BONN, Germany (AP) _ About 5,200 Mercedes-Benz employees protested sick-pay cuts for all Germans by refusing to work Monday, one day before massive walkouts were planned at Mercedes and other major automakers.

About 4,000 early shift workers in Bremen rallied in front of Mercedes' administrative building and then staged a protest march. Some 1,200 early shift colleagues at a Duesseldorf plant also put down their tools.

The Bremen workers have been staging temporary stoppages since last Wednesday, delaying production of 2,000 vehicles. On Saturday, about 23,000 Mercedes employees refused to work.

At issue is a government austerity program, passed by parliament on Sept. 13, that lets German companies slash sickness benefits from 100 percent to 80 percent to reduce their labor costs, which are among the world's highest.
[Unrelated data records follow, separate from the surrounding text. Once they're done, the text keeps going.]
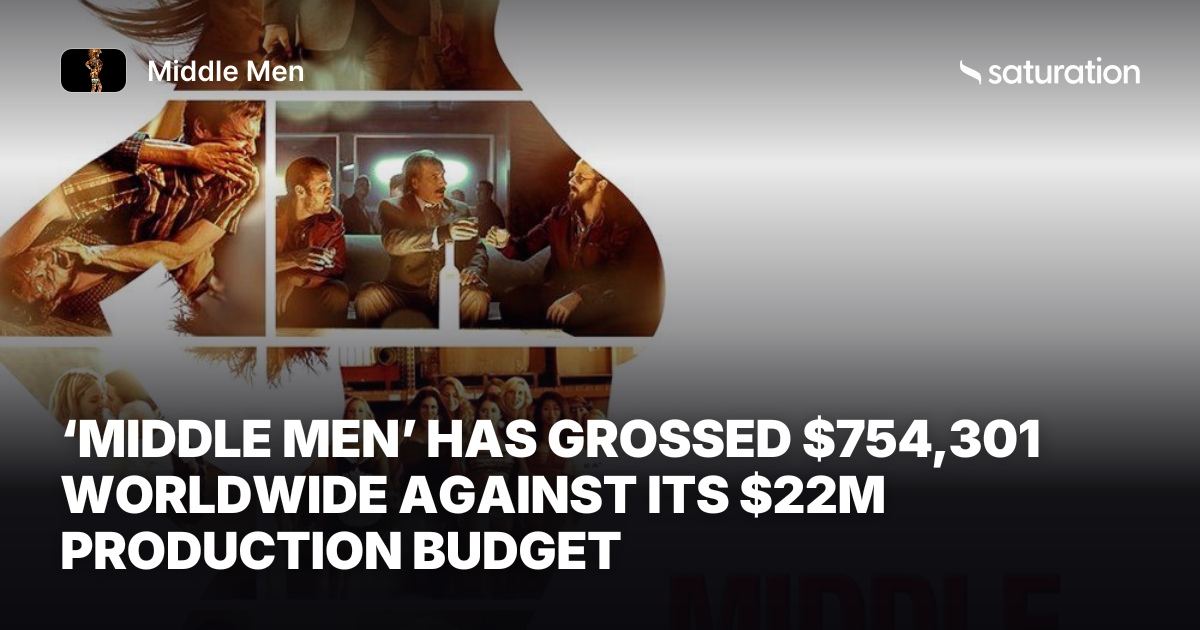 Middle Men share card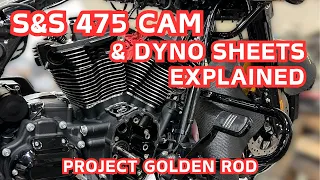 S&S 475 M8 Cam and Dyno Sheets Explained
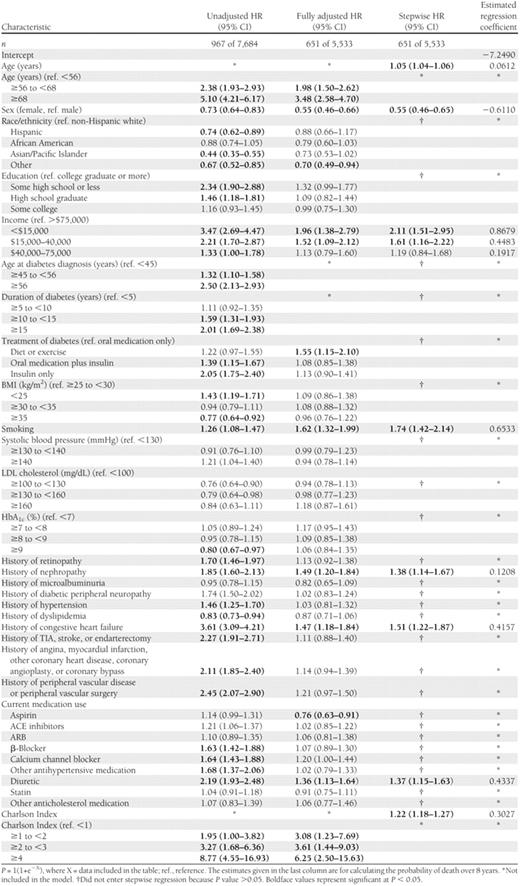 Unadjusted, fully adjusted, and stepwise Cox proportional hazards regression models and final equations predicting noncardiovascular mortality in the TRIAD population adjusted for health plan/provider group cluster (N = 8,334), 2000–2007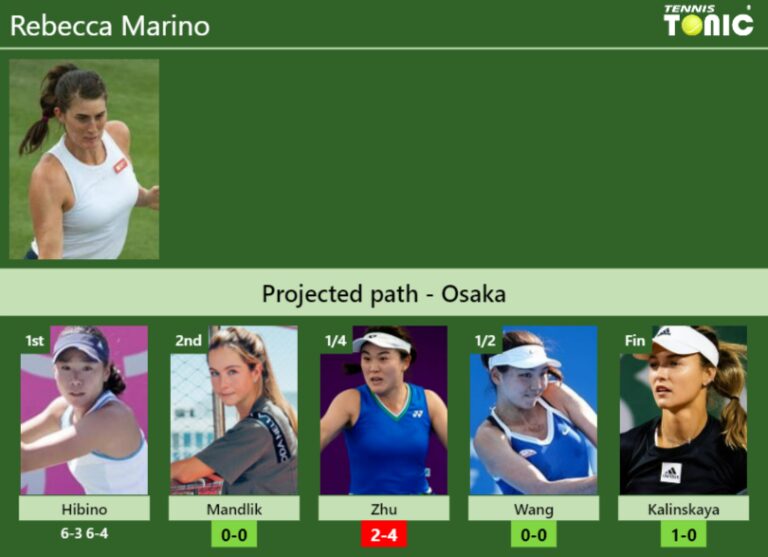 Updated R2 Prediction H2h Of Rebecca Marinos Draw Vs Mandlik Zhu Wang Kalinskaya To Win 8982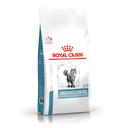 Royal Canin SENSITIVITY CONTROL 過敏控制處方 貓乾糧 貓糧 1.5kg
Mercedes parent Daimler-Benz, which is Germany's largest industrial conglomerate, and other major firms last week announced they were cutting sick pay by that amount as of Tuesday.

The Daimler works council, which represents the company's employees, has called on 220,000 Daimler employees at 14 plants to lay down their tools Tuesday.

About 14,900 employees of Adam Opel AG, a unit of General Motors Corp., in Bochum and thousands more at a Ford Motor Co. plant in Cologne are also planning walkouts.

Union leaders argue that companies cannot legally implement the legislation without negotiating new contracts.

Klaus Zwickel, chairman of the powerful IG Metall union, warned Monday ``any company that wants to cut sick pay will have to reckon with protests and production losses.''

German workers are out sick an average of 20 working days a year, one of the highest rates of absenteeism in the world. German companies and the government say that statistic is hurting Germany's ability to compete in the global market.